There are a variety of sects of legal studies within which the professionals of law work in the United States. Some individuals work to help their fellow citizens in litigation, assist families in issues of reconciliation or separation, or even allow inventors to patent their original ideas. However, few branches of law help people as much as that of immigration law.

Immigration law is any statute which is based upon or opposed to content within the Immigration and Naturalization Act, and focuses on family reconciliation, adaption of foreigners seeking to move to the United States, and ultimately leads the U.S. to becoming the diverse “melting pot” that it is today. As a successful country with an ever-increasing population of immigrants (with growth of nearly 10 million people between 2000 and 2012), upholding the standards of immigrant acceptance and offering people of other countries a right to enter our borders and make a better life is foundational to American values.

Immigration Law Basics

Professionals working in the branch of law concerning immigration may find themselves interacting with an array of people, including those foreigners generally wanting to move to America, or even individuals seeking asylum and refugee status in the States. Lawyers and attorneys make cases for clients who desire either of these things, and paralegals assist lawyers in daily activities in order to enable them to help others in this way.

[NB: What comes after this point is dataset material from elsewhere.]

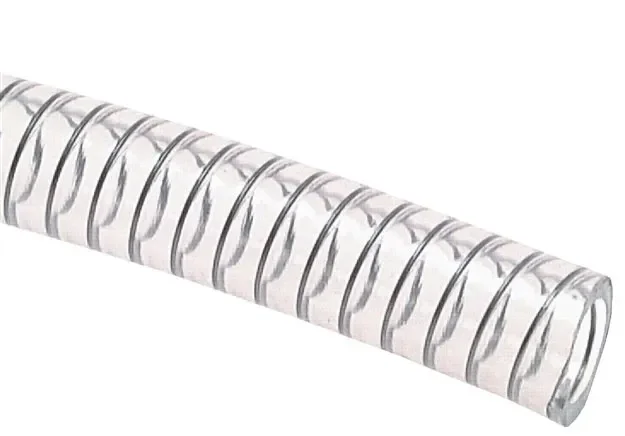 Tuyau d’aspiration-refoulement en PVC avec spirale en acier 60×6,0mm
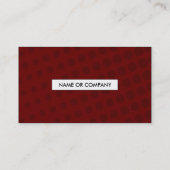 Carte De Visite code QR de demi-teinte marron (Dos)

Paralegals in Immigration Law

Paralegals in this field of study have many roles and responsibilities, some of which include:

  • Planning day to day activities of attorneys through the creation of calendars
  • Writing and submitting motions, affidavits, and letters to courts for case purposes
  • Assisting in researching and obtaining client documentation, including police data, marriage records, and birth certificates
  • Working as a link between the Department of Labor (DOL), attorneys and lawyers, and the Immigration and Naturalization Act
  • Formulating and organizing petitions and applications
  • Helping clients in preparing for interviews with the department of Immigration and Naturalization Services
  • Allowing potential and future United States citizens to obtain a Visa for work

In relation to the aforementioned job description, immigration law paralegals may find themselves working for government agencies, law offices, and private corporations to enable and simplify the process of citizenship. Paralegals with this specialization make an average annual salary of $45,720.

Strengths for Immigration Law Paralegals

As an immigration law paralegal, the job will require a handful of strengths for career purposes, which are listed below.

Strength #1: Good Communication Skills

Working with clients in this field can sometimes be difficult due to the nature of language and cultural diversity, so paralegals working in this sect of law absolutely must be good communicators in order to be successful.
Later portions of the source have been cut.